OK Tricky subject but this has been my take on it over the years.
firstly, oiled filter will not coat your MAF...unless you have over oiled them. the question is, are they any better than a dry filter ie: is there any point ?
Well it really depends what you are doing. Oiled filters date from the days when fuel injection was something you didn't really find in engines working in harsh environments so the MAF was not an issue anyway. Their capacity to flow almost unrestricted volumes of air, catch sand, dust and small furry animals without clogging made then the choice on building sites, desert racers and lawn mowers and dirt bikes etc. what most people dont realise or credit K&N with is times have moved on and so have oiled filters but the principle is the same , flow air, catch crap and dont clog. By making the filters thicker, finer and with ever improving shapes, designs and oils they have increased surface areas and their ability to trap even finer particles...............But so have dry panel filters.
In my opinion the only real advantage of a oiled filter is the ability to wash, dry and re-oil it but that said, Even K&N say you shouldn't need to do that more than once every 40k miles. Given the expense of motoring in general today anyway, would buying a new air filter ever 40k miles be a problem ??. Also given the likelihood of over oiling it which then restricts the airflow and totally defeats the object anyway..I would chuck it and buy a new one.
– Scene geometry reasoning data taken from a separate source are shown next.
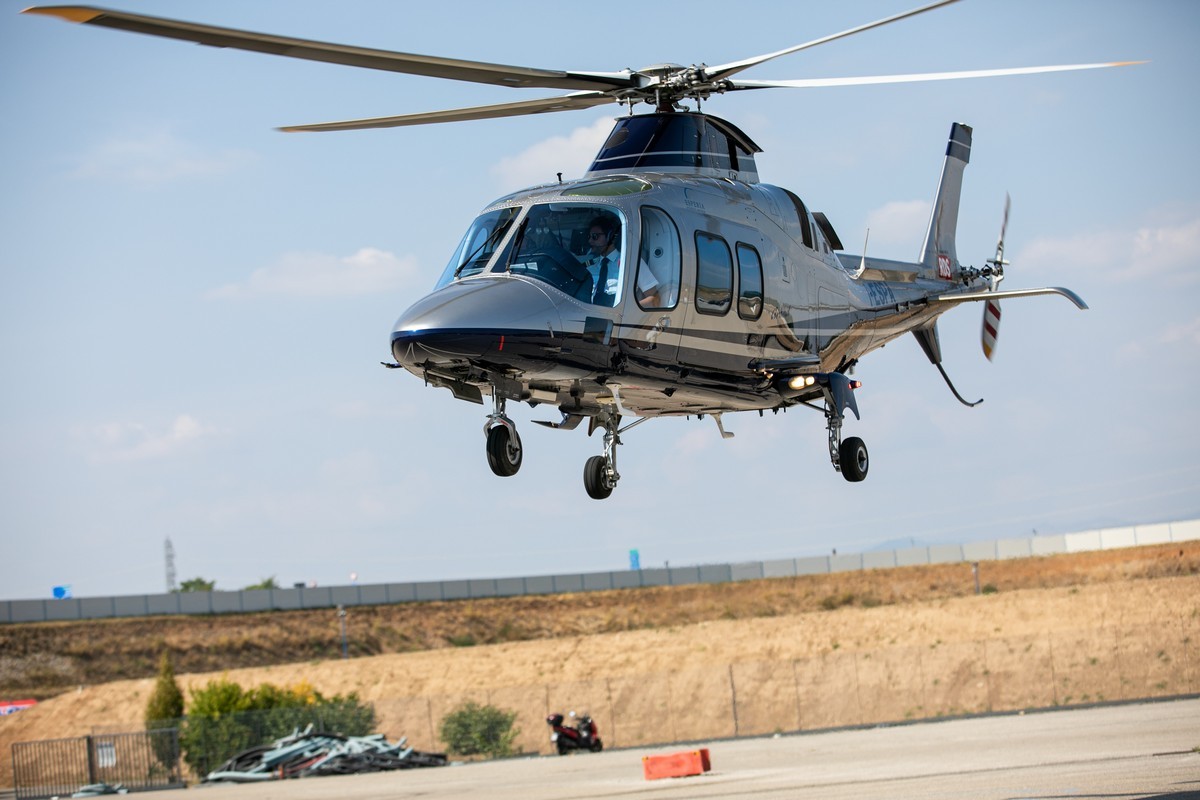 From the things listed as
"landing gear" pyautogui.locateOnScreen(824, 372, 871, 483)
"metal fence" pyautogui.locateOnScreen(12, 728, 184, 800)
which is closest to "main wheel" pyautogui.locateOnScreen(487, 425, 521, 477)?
"landing gear" pyautogui.locateOnScreen(824, 372, 871, 483)

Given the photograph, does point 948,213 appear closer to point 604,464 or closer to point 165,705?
point 604,464

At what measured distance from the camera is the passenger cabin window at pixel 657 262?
52.2 feet

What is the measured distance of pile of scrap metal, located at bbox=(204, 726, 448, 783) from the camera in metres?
46.0

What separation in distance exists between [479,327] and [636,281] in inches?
90.8

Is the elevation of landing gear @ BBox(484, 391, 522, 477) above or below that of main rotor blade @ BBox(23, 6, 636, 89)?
below

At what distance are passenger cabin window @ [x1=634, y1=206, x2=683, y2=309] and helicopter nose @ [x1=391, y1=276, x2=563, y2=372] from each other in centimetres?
139

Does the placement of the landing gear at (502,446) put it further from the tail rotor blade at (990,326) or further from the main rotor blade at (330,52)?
the tail rotor blade at (990,326)

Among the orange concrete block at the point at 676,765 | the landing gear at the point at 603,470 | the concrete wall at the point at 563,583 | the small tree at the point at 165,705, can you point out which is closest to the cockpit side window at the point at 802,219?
the landing gear at the point at 603,470

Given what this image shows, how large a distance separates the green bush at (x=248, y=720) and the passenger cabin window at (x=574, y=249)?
37126mm

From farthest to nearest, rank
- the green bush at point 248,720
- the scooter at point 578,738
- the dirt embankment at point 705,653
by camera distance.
→ the dirt embankment at point 705,653
the green bush at point 248,720
the scooter at point 578,738

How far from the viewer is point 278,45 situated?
510 inches

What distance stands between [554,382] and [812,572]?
74.7m

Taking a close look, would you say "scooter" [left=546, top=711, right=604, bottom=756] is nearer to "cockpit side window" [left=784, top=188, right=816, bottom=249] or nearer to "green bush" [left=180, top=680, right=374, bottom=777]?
"green bush" [left=180, top=680, right=374, bottom=777]

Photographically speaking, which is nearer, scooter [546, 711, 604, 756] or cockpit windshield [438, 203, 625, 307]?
cockpit windshield [438, 203, 625, 307] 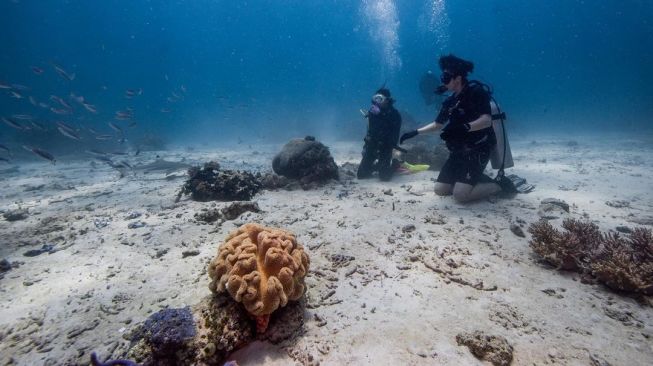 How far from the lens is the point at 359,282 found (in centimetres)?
343

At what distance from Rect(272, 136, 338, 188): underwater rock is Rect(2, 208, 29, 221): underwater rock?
612 cm

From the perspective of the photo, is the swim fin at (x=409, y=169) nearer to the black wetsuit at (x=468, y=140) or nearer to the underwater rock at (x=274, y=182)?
the black wetsuit at (x=468, y=140)

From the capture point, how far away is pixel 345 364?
2.31 meters

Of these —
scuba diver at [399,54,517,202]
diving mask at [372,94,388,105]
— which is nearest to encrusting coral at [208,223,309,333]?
scuba diver at [399,54,517,202]

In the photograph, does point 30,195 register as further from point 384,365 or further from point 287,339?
point 384,365

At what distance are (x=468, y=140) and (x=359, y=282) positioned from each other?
4440 mm

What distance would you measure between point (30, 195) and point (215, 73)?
7877 inches

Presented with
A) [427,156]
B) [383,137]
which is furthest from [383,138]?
[427,156]

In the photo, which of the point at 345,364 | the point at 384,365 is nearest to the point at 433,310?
the point at 384,365

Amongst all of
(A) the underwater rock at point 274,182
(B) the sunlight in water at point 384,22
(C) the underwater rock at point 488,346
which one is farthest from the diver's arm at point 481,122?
(B) the sunlight in water at point 384,22

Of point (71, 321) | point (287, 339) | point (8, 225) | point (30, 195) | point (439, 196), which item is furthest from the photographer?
point (30, 195)

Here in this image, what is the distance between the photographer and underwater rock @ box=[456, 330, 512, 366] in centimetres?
228

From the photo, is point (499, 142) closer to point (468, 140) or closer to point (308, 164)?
point (468, 140)

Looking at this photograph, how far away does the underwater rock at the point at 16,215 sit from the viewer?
612 cm
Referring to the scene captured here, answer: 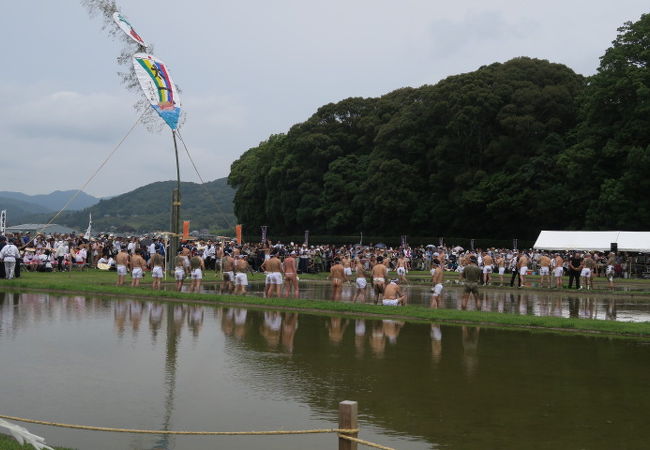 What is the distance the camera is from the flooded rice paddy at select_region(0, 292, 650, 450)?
7922 mm

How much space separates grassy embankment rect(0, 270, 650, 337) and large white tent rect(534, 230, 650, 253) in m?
22.0

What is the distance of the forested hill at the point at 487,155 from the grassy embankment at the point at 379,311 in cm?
3011

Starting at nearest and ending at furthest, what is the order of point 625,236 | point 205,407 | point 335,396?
1. point 205,407
2. point 335,396
3. point 625,236

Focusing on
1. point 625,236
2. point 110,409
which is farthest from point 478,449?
point 625,236

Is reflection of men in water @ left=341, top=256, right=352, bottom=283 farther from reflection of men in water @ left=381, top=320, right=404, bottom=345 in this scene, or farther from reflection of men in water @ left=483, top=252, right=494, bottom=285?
reflection of men in water @ left=483, top=252, right=494, bottom=285

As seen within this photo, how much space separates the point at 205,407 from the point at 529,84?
164ft

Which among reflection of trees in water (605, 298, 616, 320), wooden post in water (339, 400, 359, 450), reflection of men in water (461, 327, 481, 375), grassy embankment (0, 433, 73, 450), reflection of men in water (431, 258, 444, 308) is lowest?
grassy embankment (0, 433, 73, 450)

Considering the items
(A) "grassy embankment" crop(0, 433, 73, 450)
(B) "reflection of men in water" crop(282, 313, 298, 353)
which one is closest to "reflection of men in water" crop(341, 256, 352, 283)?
(B) "reflection of men in water" crop(282, 313, 298, 353)

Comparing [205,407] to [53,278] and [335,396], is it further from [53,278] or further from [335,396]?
[53,278]

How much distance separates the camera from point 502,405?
9180 mm

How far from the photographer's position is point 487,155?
5509cm

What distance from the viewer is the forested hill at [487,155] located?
46.6m

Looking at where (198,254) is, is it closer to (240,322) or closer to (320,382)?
(240,322)

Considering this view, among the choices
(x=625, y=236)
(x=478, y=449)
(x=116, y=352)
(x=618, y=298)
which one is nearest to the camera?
(x=478, y=449) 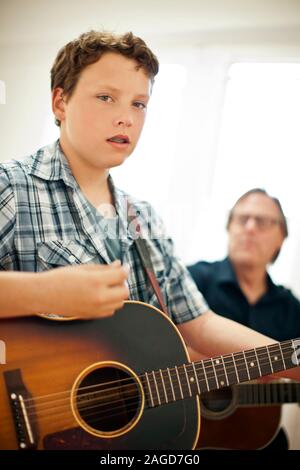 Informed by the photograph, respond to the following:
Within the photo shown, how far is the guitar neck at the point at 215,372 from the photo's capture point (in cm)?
93

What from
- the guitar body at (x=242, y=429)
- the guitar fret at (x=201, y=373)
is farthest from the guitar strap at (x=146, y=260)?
the guitar body at (x=242, y=429)

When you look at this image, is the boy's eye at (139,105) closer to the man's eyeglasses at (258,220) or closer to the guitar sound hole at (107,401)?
the man's eyeglasses at (258,220)

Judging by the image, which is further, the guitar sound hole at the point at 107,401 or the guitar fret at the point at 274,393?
the guitar fret at the point at 274,393

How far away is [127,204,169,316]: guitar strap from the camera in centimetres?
106

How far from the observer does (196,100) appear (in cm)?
116

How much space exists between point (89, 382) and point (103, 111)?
515 mm

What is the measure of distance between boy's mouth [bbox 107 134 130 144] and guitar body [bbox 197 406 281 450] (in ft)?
2.35

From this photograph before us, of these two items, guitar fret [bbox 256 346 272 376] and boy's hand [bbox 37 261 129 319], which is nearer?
boy's hand [bbox 37 261 129 319]

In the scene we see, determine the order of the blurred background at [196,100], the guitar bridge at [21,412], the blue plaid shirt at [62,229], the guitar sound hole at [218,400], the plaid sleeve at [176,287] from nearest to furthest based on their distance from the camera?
the guitar bridge at [21,412]
the blue plaid shirt at [62,229]
the blurred background at [196,100]
the plaid sleeve at [176,287]
the guitar sound hole at [218,400]

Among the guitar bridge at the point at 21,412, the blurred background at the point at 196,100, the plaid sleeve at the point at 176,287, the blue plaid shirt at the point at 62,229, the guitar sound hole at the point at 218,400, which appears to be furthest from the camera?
the guitar sound hole at the point at 218,400

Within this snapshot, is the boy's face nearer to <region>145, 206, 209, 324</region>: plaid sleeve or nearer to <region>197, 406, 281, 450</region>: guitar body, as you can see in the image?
<region>145, 206, 209, 324</region>: plaid sleeve

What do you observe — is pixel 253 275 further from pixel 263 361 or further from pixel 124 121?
pixel 124 121

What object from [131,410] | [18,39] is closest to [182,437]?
[131,410]

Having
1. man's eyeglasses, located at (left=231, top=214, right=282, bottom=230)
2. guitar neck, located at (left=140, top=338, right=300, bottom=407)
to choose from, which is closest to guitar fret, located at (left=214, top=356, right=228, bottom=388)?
guitar neck, located at (left=140, top=338, right=300, bottom=407)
Now if you are a dirt bike rider, dumper truck driver or Paris Dakar racer, then the advantages of a easily washable oiled filter become huge... almost essential, but on the road ??
I think a far more important question is WHERE in your intake track is the biggest restriction ? and that is most probably not the filter anyway...which is why people spend more on induction systems than the filter on the end of them.
I do know that for-instance, drilling holes in a air box will lose you power !! taking hot air from the engine bay is worse than taking cold air from a restricted std airbox . I have also seen test results that actually show vacuum's in corners of inlet tracks where you want high pressure much like back pressures in a exhaust.
Manufacturers of after market filters spend a small fortune on design and approach be it dry, foam, cotton oiled etc. i think they are all much of a muchness. Each has advantages but whether they will make any noticeable difference, like for like, over each other is doubtful until you get into F1 type territory. Their filtration properties are probably far more important than their minutely differing airflow properties.
One last point...i have seen Ducati M/C engines with stock paper filters and oiled after market filters do 100k miles and still run fine. I have seen many of the same engines do 10k miles on velocity stacks and be totally shot with pistons rattling in the bore,s. Air filters and oil and oil filters are the two main life savers of any engine, dont skimp on either.